As I started researching him, I began googling all the definitions I could find on light. The word incandescent popped up in one of my engine searches. But it had several definitions that gave it a literal and a figurative meaning. The word incandescent could be my taking off point. The word incandescent was used to describe the light bulb, but what about incandescense to describe Latimer’s life, legacy, and person?
Born of parents who were enslaved, Latimer was blessed with a natural curiosity and a bright, intellectual precociousness that would make him a legend. That would make him a scientist-inventor and a renaissance man. And here we are in 2014, in the capitol of the lit world and I am not sure how Lewis would interpret this modern lighting dynamic. His birth of an idea was a literal and metaphorical lighting bolt, a modern technological advancement blazing with a desire to improve the daily lives of others. It is no wonder that he would be attracted to electricity.
From my vantage point, I am a person of the modern age; a person that has all the privileges of illumination and the benefits of hundreds of other everyday amenities, freedoms, and liberties powered by light that Lewis Latimer never knew in his lifetime.
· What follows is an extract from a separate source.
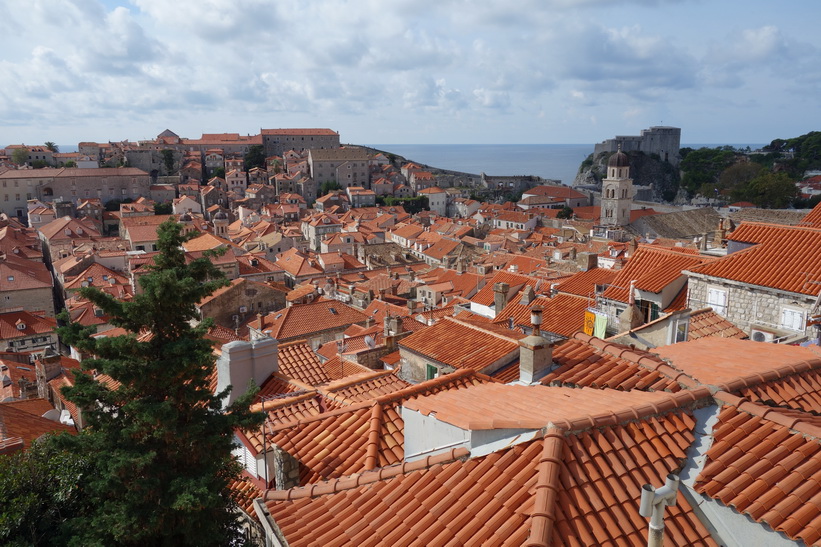 Promenaden på ringmuren i Dubrovnik.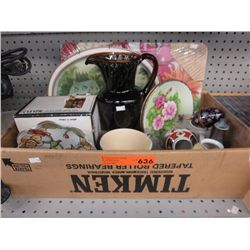 Box of decorative household items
I cannot imagine an environment so addicted to the medium of light; to being able to survive a few minutes, or forgive hours, without street lighting that Latimer helped to install in this city as well as in the cities of London and Toronto.
As New Yorkers, we live in a city where night can look like day and there is no pure visual of the darkest midnight. There are visible signs on each corner of Latimer’s legacy. Every deli, bistro, and restaurant that is illuminated, bears his fingerprint. He was on the cutting edge and the advent of a new century receiving his first patent and publishing first his book before 1900. By sheer will and determination he invented himself as a Renaissance man before there was a documented Harlem Renaissance! He dared to not be conventional. I am an admirer of the will of his spirit. And for the internal fortitude that unearths such an incandescent spirit that must have been embodied by Lewis H. Latimer. May his historic house entice the curious, the technologically savvy and history buffs alike with enlightenment. It is the historic marker of a legend. Step into his light with me.